5. Hybrid Architectures and Spherical Harmonics as Positional Embeddings

Another prominent design encodes input spherical coordinates $(\theta, \phi)$ via truncated SH expansions (vector $\mathrm{SH}_L(\theta,\phi)\in\mathbb{R}^{(L+1)^2}$). Feeding this vector into a neural network—for example, a Sinusoidal Representation Network (SIREN) block—yields a representation expressible as a composition of globally smooth, spectrally controlled basis functions and learned nonlinear transformations. Empirical results in geospatial tasks, synthetic benchmarks, and multi-task regression demonstrate that SH embedding (either with only a linear layer or with a shallow SIREN) achieves state-of-the-art generalization and stability near the poles, outperforming rectangular Fourier (DFS) encodings (Rußwurm et al., 2023). The spatial resolution is tunable by $L$, and SIREN layers extend frequency expressiveness beyond linear SH models.

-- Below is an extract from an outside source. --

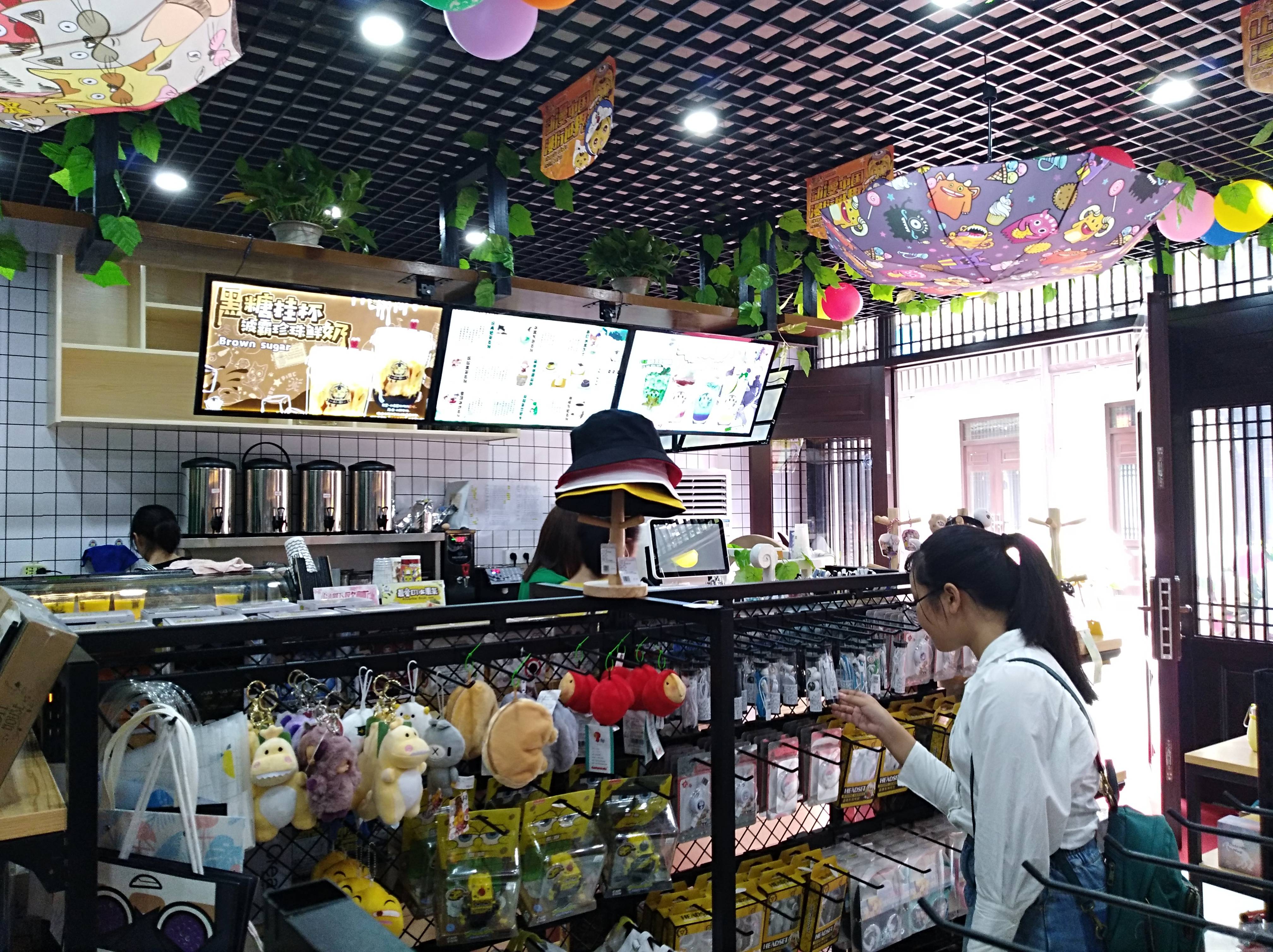 小伶玩具最新探秘，巷弄深处的特色小店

6. Theoretical Approximation and Learning Properties

Function approximation on the sphere via neural networks is strongly linked to the properties of truncated SH spaces and their reproducing kernels. For functions in the Sobolev space $W^r_\infty(\mathbb{S}^{d-1})$, deep convolutional-spline architectures achieve optimal uniform rates by approximating the SH expansion with convolutionally constructed features (Toeplitz filters implement $\langle y_i, x\rangle$), followed by shallow nonlinear modules mapping $t\mapsto$ polynomial kernel features (Fang et al., 2020). The total number of parameters scales linearly with network depth for a given approximation error $\varepsilon$. Additive ridge functions (i.e., $f(x) = \sum_j g_j(\langle y_j,x\rangle)$) can be efficiently approximated in this framework, matching univariate complexity per component.

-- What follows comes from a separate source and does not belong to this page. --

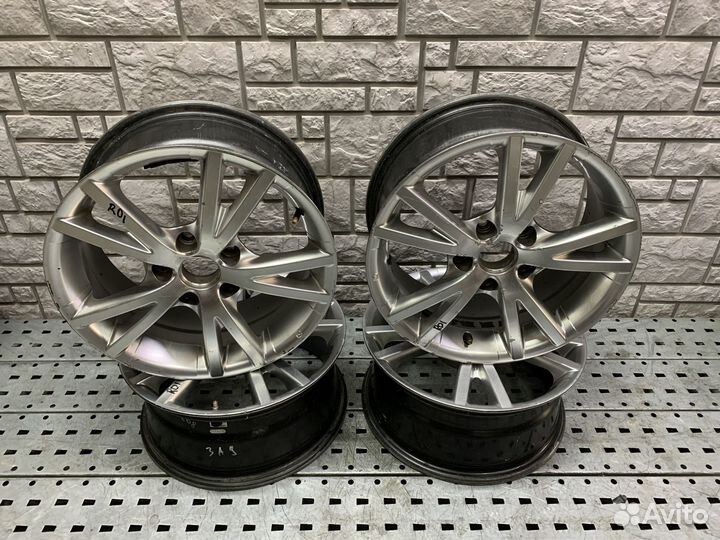 Toyota RAV 4 Диск колесный литой R16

7. Computational and Implementation Considerations

• Real-valued SH are preferred for many neural implementations due to numerical advantages; vectorized, stable Cartesian tensor recursions improve both performance and gradient propagation (Bigi et al., 2023).
• GPU-optimized libraries (e.g., sphericart) permit efficient large-batch evaluation and automatic differentiation.
• Computational cost per point is $O(L^2)$; batching and parallelization are necessary for high $L$ or large datasets.
• When used as neural layers or features, SH are combined with learnable spectral weights or as input to MLP blocks; parameter count and expressiveness are tunably traded off via $L$ and network width/depth.
• Best practices include using scaled (solid) harmonics, integrating with radial basis filters for point cloud or graph networks, and exploiting batched SHT/ISHT operations for convolutional networks.

In summary, continuous neural representation with spherical harmonics is a versatile, theoretically grounded, and practically effective framework for constructing spherical neural networks and neural operators. SH-based models deliver precise, equivariant, and pole-stable representations, support fast computation, and exhibit universal approximation properties, making them core to advances in spherical machine learning, operator learning, and spherical scientific applications (Chen et al., 2023, Tang et al., 11 Dec 2025, Hendriks et al., 2023, Rußwurm et al., 2023, Kondor et al., 2018, Fang et al., 2020, Bigi et al., 2023).